Weekend Sweeps Amid a Temporary Restraining Order

A demonstration outside of the Garden Grove Home Depot on Aug. 19, 2025. Day laborers were detained at the location over the weekend. Credit: SPENCER CUSTODIO, Voice of OC

Meanwhile, local activists are raising concerns that federal agencies are not following a temporary restraining order upheld by a federal appellate court barring them from making warrantless arrests in parts of Southern California solely based on race, language, occupation and locations like car washes and Home Depots.

Anaheim officials announced that border patrol agents detained three laborers at the Home Depot on Brookhurst Street and also detained a person at a car wash on Euclid Street this past Saturday despite the restraining order.

“The weekend saw the most significant and disruptive enforcement in weeks in Anaheim,” reads a Tuesday update on Anaheim Contigo, the city’s website documenting immigration enforcement action.

“Anaheim is seeing targeted enforcement and larger activity since a temporary restraining order went into effect.”

The Orange County Rapid Response Network also reported that people were detained at a Home Depot in Garden Grove this past Saturday and say there have been sweeps in the city since June 6 when the widespread raids first kicked up.
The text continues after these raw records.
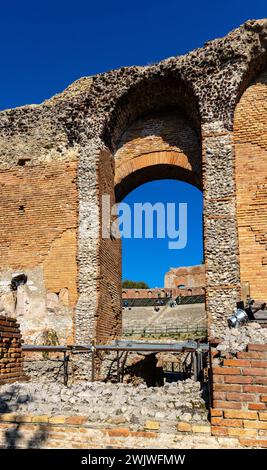 Taormina, Sicily, Italy - February 15, 2023: Greek and Roman period Teatro antico Ancient Theatre with stage and arches colonnade ruins Stock Photo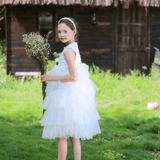 A young girl wears the KIKI and JOJO Girls Embroidered Satin & Tulle Dress in ivory with a headband, holding flowers on grass before a thatched wooden hut—perfect for special occasions.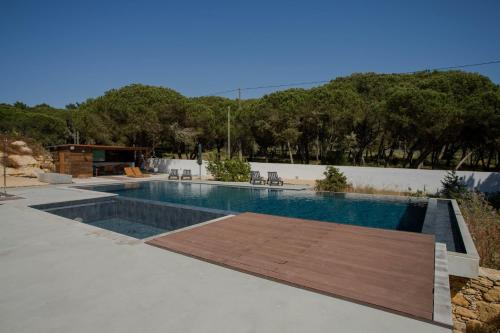a swimming pool with a wooden deck in a yard at Forest Village in Azenhas do Mar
This past weekend’s enforcement action comes after some Garden Grove residents showed up to last week’s city council meeting demanding again that elected leaders take a stronger official stand against the sweeps and step up to support families impacted by deportations.
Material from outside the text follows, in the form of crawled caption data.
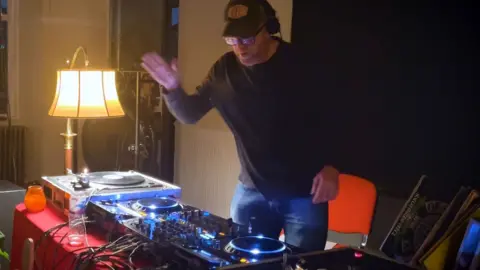 Male DJ dances while on the decks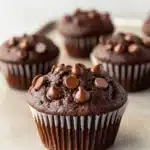 Chocolate muffin vegan - the image shows a group of freshly baked chocolate muffins on a white baking sheet. the muffins are round and have a golden brown color. they are topped with chocolate chips and drizzled with chocolate sauce. the tray is lined with parchment paper and there are a few more muffins scattered around the tray. the background is blurred, but it appears to be a kitchen countertop.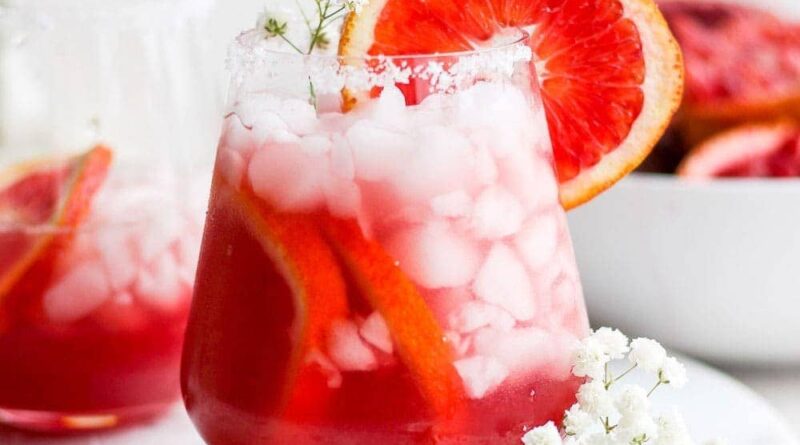 Two glasses of Blood Orange Margarita on a white plate.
[Read: ICE Raids Spur Calls for Community Aid in Another Orange County City]

Some Garden Grove officials have publicly said that immigration enforcement is a federal issue and their hands are tied and they have to comply with the law. 

Garden Grove City Councilman Joe DoVinh said that local leaders have asked members of congress for a list of people detained in Garden Grove by the sweeps.

“If we do not comply with the federal mandates and the federal laws, we may lose our grants and we may be prosecuted for certain violations, which I do not want to take that chance. We have too much to lose,” DoVinh said at the Aug. 12 city council meeting.

“It doesn’t mean we’re not pushing back against ICE.”